Applying functions in the Data Manager

Through the Apply option, you can apply basic statistical functions, such as averages, entropy and variance to the attribute values in the selected columns to your attributes, based on their type.

There are several icons displayed in the Apply area, which are useful to understand before performing this operation:

  • The function type icon: it displays the acronym of the function currently applied to the corresponding attribute.

  • Make persistent: located on the right side of the query panel. Click on it to effectively apply all the query operations and permanently change the dataset.

  • Clear: located on the right side of the query panel. Click on it to clear the query table, removing all the created query operations, performed since the last time Make persistent was selected, and their effects to the dataset.


Prerequisites

  • You must have created a flow;

  • You must have linked the Data Manager to a task which contains the data to work on.


Procedure

  1. Drag the attributes onto the Apply area.

  2. Select the required function (see details on available functions in the table below the procedure).

  3. Click Apply.

  4. Click either:

    1. Make persistent button to save your results and make all the query operations permanent.
      The pre-filter cell is automatically cleared from the query operations performed, but the query operations are still applied to the table.

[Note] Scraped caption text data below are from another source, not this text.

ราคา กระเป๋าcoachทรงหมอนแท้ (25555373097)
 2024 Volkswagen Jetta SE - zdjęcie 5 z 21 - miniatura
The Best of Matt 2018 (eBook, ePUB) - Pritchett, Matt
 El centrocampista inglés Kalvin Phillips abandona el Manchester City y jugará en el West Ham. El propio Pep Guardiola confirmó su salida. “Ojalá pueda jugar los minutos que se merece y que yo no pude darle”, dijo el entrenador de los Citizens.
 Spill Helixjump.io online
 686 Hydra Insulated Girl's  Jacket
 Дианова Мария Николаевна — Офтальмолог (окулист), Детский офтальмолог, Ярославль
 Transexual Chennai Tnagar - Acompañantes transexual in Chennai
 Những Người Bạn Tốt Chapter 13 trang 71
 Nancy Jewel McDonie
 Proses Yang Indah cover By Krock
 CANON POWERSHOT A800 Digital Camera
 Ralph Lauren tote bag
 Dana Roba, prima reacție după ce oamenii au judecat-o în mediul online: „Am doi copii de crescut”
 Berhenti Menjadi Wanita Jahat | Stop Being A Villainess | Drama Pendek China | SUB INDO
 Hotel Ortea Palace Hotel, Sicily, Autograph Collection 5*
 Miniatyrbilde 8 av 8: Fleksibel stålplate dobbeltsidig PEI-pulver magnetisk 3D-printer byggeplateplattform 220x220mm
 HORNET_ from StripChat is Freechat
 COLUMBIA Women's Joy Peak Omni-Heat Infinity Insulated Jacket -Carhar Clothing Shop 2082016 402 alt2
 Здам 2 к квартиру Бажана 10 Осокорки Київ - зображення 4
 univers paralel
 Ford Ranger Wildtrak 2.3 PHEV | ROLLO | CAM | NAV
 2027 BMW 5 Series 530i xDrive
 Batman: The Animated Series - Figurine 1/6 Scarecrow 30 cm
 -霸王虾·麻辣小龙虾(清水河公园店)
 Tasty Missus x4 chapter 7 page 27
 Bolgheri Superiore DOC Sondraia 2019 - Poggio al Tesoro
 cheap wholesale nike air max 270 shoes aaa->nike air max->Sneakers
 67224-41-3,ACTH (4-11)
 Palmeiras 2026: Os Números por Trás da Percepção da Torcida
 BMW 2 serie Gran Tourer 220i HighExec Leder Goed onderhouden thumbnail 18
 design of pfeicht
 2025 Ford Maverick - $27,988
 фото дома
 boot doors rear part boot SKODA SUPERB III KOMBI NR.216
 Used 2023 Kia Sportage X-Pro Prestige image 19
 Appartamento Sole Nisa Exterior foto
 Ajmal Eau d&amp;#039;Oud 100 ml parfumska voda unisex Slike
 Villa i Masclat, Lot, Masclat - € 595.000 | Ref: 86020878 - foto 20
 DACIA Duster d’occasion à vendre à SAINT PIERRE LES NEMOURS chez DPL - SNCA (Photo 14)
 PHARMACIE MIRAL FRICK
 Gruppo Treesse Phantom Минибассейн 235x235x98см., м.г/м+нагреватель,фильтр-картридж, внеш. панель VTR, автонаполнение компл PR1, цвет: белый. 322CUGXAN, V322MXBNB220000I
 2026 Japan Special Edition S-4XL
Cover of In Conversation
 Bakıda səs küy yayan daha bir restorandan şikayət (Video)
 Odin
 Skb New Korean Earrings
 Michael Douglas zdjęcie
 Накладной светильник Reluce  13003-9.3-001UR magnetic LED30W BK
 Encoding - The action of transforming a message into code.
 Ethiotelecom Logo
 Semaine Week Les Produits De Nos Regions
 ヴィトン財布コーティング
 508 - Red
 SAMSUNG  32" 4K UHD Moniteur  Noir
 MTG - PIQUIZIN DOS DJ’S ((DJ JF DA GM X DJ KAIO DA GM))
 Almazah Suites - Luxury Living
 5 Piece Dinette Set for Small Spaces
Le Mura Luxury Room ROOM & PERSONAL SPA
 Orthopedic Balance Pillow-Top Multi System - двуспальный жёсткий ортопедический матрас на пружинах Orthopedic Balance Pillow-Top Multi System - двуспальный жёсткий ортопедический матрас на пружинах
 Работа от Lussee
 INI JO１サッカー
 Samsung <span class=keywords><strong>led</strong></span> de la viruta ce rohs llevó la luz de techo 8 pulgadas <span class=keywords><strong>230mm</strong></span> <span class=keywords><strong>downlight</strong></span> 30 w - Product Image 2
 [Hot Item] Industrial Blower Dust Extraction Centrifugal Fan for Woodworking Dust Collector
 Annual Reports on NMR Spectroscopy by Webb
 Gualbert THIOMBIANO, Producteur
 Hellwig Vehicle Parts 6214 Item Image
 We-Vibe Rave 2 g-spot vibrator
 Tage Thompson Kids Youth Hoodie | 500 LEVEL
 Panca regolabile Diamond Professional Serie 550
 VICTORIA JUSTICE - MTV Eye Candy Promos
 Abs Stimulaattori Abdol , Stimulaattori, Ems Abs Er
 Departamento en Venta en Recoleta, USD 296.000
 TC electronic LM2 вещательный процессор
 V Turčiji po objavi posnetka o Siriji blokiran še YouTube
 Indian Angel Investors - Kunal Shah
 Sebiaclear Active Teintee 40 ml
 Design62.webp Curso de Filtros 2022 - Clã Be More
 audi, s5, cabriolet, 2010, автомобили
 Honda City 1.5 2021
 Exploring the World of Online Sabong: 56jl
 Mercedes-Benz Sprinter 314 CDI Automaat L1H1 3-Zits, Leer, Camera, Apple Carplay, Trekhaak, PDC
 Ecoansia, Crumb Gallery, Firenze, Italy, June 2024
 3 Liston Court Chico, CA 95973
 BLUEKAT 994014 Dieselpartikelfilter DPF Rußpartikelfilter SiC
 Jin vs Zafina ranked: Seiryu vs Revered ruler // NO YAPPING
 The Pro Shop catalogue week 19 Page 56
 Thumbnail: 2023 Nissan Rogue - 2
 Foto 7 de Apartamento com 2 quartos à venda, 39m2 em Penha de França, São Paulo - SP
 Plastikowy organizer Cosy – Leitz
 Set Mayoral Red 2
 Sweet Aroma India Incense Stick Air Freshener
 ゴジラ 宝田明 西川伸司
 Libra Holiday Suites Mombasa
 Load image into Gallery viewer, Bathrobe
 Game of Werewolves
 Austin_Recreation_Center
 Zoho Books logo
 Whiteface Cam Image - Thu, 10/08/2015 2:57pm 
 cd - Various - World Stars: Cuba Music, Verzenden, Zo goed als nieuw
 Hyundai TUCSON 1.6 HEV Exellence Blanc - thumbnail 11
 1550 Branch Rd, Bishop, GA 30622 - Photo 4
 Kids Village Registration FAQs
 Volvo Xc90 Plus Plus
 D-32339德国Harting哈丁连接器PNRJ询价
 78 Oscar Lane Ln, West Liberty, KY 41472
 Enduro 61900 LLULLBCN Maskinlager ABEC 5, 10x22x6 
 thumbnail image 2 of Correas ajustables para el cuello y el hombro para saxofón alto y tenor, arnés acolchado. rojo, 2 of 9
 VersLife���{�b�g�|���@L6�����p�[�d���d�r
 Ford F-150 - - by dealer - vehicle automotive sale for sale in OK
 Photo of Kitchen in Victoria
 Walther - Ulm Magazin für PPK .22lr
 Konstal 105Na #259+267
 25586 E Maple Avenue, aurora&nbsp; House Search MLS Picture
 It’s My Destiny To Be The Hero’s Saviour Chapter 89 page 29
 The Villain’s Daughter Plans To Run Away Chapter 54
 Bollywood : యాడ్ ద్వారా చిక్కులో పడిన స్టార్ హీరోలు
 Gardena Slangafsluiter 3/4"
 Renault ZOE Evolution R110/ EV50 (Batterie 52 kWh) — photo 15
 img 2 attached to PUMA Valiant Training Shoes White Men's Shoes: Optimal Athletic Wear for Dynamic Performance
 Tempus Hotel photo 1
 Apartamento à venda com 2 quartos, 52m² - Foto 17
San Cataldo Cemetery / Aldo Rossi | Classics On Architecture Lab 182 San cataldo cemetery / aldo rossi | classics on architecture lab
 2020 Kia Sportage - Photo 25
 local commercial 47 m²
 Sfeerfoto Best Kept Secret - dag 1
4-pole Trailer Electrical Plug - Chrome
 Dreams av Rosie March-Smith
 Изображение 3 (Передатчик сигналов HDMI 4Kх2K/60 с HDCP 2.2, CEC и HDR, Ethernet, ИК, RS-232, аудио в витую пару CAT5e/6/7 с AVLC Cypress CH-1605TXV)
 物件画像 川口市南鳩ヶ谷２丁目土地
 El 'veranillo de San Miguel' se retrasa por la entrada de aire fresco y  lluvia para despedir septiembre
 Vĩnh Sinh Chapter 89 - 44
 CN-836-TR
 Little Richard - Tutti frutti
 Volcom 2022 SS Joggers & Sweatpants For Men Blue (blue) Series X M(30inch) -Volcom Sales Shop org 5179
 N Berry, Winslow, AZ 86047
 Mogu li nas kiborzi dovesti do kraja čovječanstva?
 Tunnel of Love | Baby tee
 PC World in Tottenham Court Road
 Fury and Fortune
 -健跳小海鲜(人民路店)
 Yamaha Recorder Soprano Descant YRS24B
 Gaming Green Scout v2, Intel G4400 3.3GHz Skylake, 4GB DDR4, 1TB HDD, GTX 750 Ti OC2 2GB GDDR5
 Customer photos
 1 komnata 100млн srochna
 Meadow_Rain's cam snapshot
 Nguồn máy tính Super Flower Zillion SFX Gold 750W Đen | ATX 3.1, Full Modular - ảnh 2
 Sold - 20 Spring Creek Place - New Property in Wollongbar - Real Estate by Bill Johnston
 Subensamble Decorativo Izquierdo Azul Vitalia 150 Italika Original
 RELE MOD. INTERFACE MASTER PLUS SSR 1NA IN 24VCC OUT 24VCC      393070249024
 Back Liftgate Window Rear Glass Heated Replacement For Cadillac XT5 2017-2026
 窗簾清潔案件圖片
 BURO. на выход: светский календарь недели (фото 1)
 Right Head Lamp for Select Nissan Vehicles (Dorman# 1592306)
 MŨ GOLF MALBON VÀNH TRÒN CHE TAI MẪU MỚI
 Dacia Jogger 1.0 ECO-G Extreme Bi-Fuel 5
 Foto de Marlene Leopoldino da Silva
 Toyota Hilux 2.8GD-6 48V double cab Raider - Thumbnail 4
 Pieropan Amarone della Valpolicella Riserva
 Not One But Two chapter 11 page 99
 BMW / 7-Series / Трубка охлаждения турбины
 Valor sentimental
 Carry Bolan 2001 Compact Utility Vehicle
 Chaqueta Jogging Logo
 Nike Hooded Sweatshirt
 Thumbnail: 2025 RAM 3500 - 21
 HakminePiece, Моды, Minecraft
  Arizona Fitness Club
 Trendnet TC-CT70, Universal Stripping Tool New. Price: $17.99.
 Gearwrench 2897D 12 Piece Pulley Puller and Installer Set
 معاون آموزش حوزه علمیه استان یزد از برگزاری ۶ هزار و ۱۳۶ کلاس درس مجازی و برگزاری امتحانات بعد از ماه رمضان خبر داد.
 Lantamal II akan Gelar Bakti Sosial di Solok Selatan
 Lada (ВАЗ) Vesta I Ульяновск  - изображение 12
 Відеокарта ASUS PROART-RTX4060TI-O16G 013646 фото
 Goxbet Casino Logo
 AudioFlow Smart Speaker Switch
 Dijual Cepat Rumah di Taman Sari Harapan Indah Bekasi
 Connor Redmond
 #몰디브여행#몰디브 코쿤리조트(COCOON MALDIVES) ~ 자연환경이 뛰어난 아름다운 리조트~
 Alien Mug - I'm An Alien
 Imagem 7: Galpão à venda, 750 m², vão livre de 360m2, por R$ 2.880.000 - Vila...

    2. Clear to remove query operations from the query panel: it cancels all the query operations that haven’t yet been made persistent.

  5. Save and compute the task.

Here is a list of the functions available in the Apply box: they depend on the attribute type.

 

Function

Purpose

Mode

It displays the most frequent value.

Mean

It displays the mathematical average of the values.

Number of distinct

It displays the number of non-coincident values.

Minimum

It displays the minimum value for the attribute (or the nominal attributes are put in alphabetical order A-Z).

Maximum

It displays the maximum value for the attribute (or the nominal attributes are put in alphabetical order Z-A).

Entropy

It measures the randomness of data:

  • 0 means that there is no variation in data.

  • 1 means that every value is different

Sum

It sums the values. Not available for nominal attributes.

Standard deviation

It measures the variability of values, by displaying how far values deviate from the mean average value. Not available for nominal values.

Variance

It’s the standard deviation’s quadratic value.

Median

It displays the median attribute value (middle). E.g.: 1; 2; 3; 4; 5; 3 is the median value. Not available for nominal attributes.

Count

It counts the values in the attribute.


Example

The following example uses the Supermarket_sales dataset.

Step

Screenshot

Drag the attribute onto the Apply area.

  • Select the required function, then click Apply.

  • In the example here, we decided to apply the mean function to the gross income attribute of the table.

Click Make Persistent and save and compute the task.